The armed forces are landmines of good candidates, such as Admiral Michael Mullen, General David Petraeus, General Raymond Odierno, and so forth. If knowledge in Japanese affairs matters, then, Richard Armitage will be on the top list. Even among those who are unknown to the public, many generals and admirals are well qualified to outstare any security challenges rising in the Pacific and the Indian Oceans from Tokyo. Unknown man can become famous instantly, when he accomplishes great achievement. There is no reason to give special preferences for a celebrity. Since current US defense capabilities are shrinking due to budget cut and sequestration, such loss needs to be compensated with knowledge, skills, and personality of politicians and diplomats. Let me show a good example. People see current Russia much greater power than it actually is, and that owes to strenuous image of a KGB veteran Vladimir Putin. A US ambassador to Japan must be a John Wayne to demonstrate American prestige and strength, in order to overcome global and domestic difficulties. This is why I believe military veterans are more preferable to Caroline Kennedy for the ambassador to Japan.
The next ambassador must speak softly, and carry a big stick
Whoever comes to Tokyo, the Japanese side is not in a position to call new ambassador persona non grata, unless he or she is seriously problematic to assume the mission. However, I believe it necessary to reconsider Kennedy’s job credentials on both sides of the Pacific.

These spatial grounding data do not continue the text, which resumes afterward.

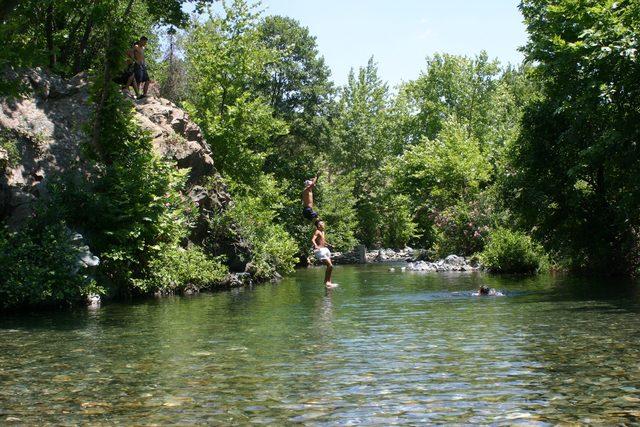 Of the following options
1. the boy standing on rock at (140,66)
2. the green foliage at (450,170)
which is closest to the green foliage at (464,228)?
the green foliage at (450,170)

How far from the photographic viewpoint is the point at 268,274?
89.6 ft

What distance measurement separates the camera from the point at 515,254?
94.5ft

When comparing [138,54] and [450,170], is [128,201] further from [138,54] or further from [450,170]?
[450,170]

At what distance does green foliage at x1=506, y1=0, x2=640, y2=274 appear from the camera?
18094mm

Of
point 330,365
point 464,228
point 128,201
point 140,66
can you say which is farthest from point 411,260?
point 330,365

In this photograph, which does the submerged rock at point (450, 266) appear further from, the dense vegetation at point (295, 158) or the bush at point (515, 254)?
the bush at point (515, 254)

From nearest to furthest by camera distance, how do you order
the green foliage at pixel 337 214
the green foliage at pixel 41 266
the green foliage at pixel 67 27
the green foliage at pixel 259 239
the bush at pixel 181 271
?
the green foliage at pixel 41 266 → the green foliage at pixel 67 27 → the bush at pixel 181 271 → the green foliage at pixel 259 239 → the green foliage at pixel 337 214

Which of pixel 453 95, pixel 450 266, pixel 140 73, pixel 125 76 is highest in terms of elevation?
pixel 453 95

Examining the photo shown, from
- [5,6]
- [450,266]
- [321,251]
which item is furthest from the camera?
[450,266]

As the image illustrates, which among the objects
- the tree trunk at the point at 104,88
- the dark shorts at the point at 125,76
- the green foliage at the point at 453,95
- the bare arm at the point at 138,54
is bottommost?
the tree trunk at the point at 104,88

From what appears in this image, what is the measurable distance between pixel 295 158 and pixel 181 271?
27035 mm

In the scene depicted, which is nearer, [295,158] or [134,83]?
[134,83]

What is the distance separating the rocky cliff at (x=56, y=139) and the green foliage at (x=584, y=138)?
1078cm

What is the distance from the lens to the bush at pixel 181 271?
20312 mm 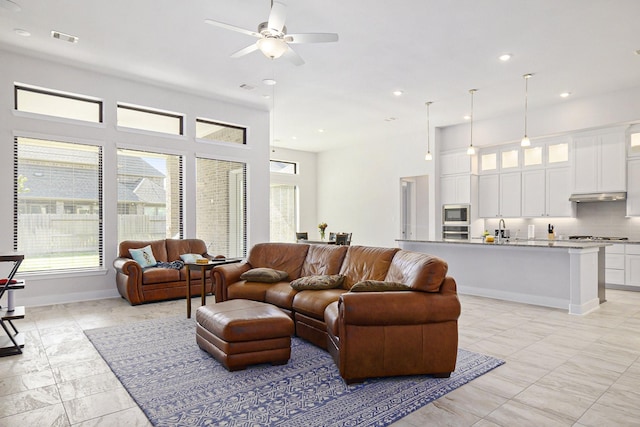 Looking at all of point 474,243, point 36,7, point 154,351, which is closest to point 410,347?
point 154,351

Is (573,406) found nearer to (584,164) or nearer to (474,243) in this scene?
(474,243)

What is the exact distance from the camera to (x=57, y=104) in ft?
18.5

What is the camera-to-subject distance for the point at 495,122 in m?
8.04

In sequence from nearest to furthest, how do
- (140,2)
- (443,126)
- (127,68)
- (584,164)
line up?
(140,2)
(127,68)
(584,164)
(443,126)

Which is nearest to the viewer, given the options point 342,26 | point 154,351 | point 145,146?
point 154,351

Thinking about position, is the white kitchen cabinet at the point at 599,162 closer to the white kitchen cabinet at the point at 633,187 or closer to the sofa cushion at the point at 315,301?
the white kitchen cabinet at the point at 633,187

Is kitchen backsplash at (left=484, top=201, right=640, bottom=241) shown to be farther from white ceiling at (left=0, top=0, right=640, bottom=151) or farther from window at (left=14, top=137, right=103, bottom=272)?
window at (left=14, top=137, right=103, bottom=272)

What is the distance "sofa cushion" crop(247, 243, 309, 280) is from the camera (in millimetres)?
4801

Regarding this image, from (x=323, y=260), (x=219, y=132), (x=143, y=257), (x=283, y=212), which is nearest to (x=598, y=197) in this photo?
(x=323, y=260)

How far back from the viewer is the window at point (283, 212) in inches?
436

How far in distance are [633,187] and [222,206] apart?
7172mm

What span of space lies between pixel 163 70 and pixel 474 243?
522cm

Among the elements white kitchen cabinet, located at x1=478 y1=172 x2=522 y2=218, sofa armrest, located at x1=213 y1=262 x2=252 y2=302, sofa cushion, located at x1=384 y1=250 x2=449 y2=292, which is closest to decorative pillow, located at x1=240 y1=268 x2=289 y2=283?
sofa armrest, located at x1=213 y1=262 x2=252 y2=302

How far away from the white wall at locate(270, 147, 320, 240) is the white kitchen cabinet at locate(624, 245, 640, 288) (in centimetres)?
729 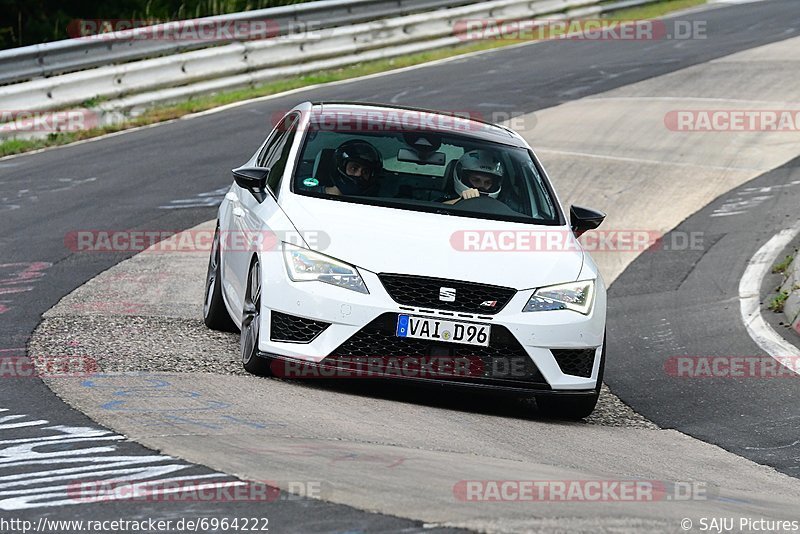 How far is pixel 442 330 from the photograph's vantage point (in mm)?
7035

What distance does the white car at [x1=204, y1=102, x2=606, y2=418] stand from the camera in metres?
7.06

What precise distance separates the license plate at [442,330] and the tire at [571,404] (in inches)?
24.0

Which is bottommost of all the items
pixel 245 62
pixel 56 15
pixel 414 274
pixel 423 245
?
pixel 414 274

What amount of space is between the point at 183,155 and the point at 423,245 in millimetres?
9429

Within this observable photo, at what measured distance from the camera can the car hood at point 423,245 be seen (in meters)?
7.14

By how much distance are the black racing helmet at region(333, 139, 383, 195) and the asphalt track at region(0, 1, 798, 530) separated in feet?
7.27

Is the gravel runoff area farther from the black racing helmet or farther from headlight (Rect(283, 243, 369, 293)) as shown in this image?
the black racing helmet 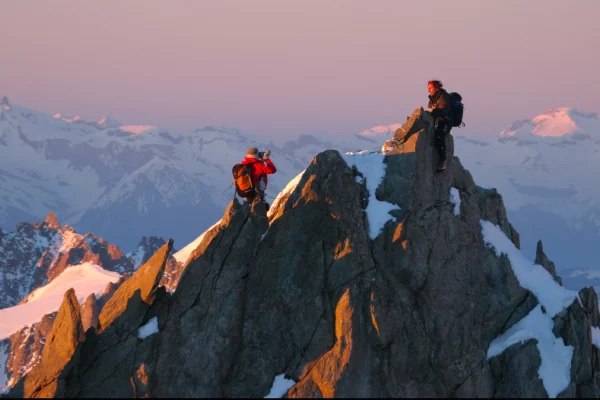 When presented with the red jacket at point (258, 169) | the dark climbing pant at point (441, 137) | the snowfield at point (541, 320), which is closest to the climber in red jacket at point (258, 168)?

Some opinion leaders say being a woman is an advantage to deepen bilateral friendship, but gender equality is no priority issue between Japan and the United States today. Nor, do I believe that a princess of hereditary power represents the best of American culture. It is globally understood that a person who really represent the best of American culture and image is a man of man as typically portrayed by John Wayne. In other words, Tokyo needs a US ambassador who speaks softly while carrying a big stick. Remember that South Korea sends Lee Byung Kee, foreign policy advisor to President Park Guen Hye. Whose interest is it, if US ambassador is eclipsed by such brilliant diplomats from all over the world? For vital interests of Japan and the United States, the selection of the ambassador must be reconsidered.